# Records supplied:
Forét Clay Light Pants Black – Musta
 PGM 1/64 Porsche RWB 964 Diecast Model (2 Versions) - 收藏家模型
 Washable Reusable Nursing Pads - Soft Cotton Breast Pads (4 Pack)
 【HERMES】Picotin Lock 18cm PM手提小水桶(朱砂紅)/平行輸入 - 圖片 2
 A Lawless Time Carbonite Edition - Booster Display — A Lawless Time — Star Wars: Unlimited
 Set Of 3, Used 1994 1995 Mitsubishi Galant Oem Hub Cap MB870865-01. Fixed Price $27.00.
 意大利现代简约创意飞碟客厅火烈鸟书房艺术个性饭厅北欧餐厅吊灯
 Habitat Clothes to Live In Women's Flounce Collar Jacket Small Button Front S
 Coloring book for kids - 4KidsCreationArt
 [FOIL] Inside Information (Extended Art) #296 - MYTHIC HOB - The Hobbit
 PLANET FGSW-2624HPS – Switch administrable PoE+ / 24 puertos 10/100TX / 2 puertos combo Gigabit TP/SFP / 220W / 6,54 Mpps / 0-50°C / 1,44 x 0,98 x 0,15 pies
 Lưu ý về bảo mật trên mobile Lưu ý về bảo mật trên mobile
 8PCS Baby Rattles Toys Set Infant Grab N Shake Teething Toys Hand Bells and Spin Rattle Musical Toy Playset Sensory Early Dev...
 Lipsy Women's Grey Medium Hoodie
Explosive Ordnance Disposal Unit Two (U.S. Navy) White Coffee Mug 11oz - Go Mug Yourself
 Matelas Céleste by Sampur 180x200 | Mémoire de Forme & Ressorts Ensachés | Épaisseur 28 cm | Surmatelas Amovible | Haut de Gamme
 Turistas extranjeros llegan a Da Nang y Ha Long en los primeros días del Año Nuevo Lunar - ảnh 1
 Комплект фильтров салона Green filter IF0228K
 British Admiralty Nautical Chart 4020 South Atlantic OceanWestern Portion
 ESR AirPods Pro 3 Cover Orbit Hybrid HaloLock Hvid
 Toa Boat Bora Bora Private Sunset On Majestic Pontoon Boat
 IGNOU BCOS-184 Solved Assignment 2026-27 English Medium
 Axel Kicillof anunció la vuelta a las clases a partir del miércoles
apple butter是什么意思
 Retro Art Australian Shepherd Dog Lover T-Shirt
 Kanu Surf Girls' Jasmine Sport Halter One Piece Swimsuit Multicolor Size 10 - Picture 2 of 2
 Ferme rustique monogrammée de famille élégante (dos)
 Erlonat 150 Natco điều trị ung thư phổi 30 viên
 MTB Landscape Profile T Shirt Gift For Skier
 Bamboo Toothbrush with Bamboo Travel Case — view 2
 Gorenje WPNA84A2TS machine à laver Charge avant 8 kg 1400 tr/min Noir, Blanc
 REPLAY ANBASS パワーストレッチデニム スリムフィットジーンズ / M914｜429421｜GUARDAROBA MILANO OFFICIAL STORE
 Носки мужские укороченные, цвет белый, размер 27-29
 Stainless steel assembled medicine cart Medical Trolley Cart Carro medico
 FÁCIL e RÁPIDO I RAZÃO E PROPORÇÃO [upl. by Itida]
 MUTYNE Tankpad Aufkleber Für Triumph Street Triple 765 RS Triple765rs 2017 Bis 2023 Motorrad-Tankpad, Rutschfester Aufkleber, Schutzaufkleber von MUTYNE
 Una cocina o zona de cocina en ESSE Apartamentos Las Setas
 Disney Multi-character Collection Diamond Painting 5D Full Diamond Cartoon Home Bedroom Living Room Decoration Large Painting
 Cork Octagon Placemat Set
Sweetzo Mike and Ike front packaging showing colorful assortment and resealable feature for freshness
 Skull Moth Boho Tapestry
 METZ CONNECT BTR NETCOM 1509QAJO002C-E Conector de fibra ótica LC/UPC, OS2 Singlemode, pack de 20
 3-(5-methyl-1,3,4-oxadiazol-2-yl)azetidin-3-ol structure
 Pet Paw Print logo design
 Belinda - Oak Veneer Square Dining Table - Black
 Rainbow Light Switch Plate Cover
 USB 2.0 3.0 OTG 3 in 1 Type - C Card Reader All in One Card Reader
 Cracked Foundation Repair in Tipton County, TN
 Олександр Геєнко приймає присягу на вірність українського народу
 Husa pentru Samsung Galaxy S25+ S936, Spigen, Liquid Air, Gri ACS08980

# Description of the task:
Please return every line from the first one in the records above down to the line containing "IGNOU BCOS-184 Solved", including both, exactly as written and nothing more.

# Task result:
Forét Clay Light Pants Black – Musta
 PGM 1/64 Porsche RWB 964 Diecast Model (2 Versions) - 收藏家模型
 Washable Reusable Nursing Pads - Soft Cotton Breast Pads (4 Pack)
 【HERMES】Picotin Lock 18cm PM手提小水桶(朱砂紅)/平行輸入 - 圖片 2
 A Lawless Time Carbonite Edition - Booster Display — A Lawless Time — Star Wars: Unlimited
 Set Of 3, Used 1994 1995 Mitsubishi Galant Oem Hub Cap MB870865-01. Fixed Price $27.00.
 意大利现代简约创意飞碟客厅火烈鸟书房艺术个性饭厅北欧餐厅吊灯
 Habitat Clothes to Live In Women's Flounce Collar Jacket Small Button Front S
 Coloring book for kids - 4KidsCreationArt
 [FOIL] Inside Information (Extended Art) #296 - MYTHIC HOB - The Hobbit
 PLANET FGSW-2624HPS – Switch administrable PoE+ / 24 puertos 10/100TX / 2 puertos combo Gigabit TP/SFP / 220W / 6,54 Mpps / 0-50°C / 1,44 x 0,98 x 0,15 pies
 Lưu ý về bảo mật trên mobile Lưu ý về bảo mật trên mobile
 8PCS Baby Rattles Toys Set Infant Grab N Shake Teething Toys Hand Bells and Spin Rattle Musical Toy Playset Sensory Early Dev...
 Lipsy Women's Grey Medium Hoodie
Explosive Ordnance Disposal Unit Two (U.S. Navy) White Coffee Mug 11oz - Go Mug Yourself
 Matelas Céleste by Sampur 180x200 | Mémoire de Forme & Ressorts Ensachés | Épaisseur 28 cm | Surmatelas Amovible | Haut de Gamme
 Turistas extranjeros llegan a Da Nang y Ha Long en los primeros días del Año Nuevo Lunar - ảnh 1
 Комплект фильтров салона Green filter IF0228K
 British Admiralty Nautical Chart 4020 South Atlantic OceanWestern Portion
 ESR AirPods Pro 3 Cover Orbit Hybrid HaloLock Hvid
 Toa Boat Bora Bora Private Sunset On Majestic Pontoon Boat
 IGNOU BCOS-184 Solved Assignment 2026-27 English Medium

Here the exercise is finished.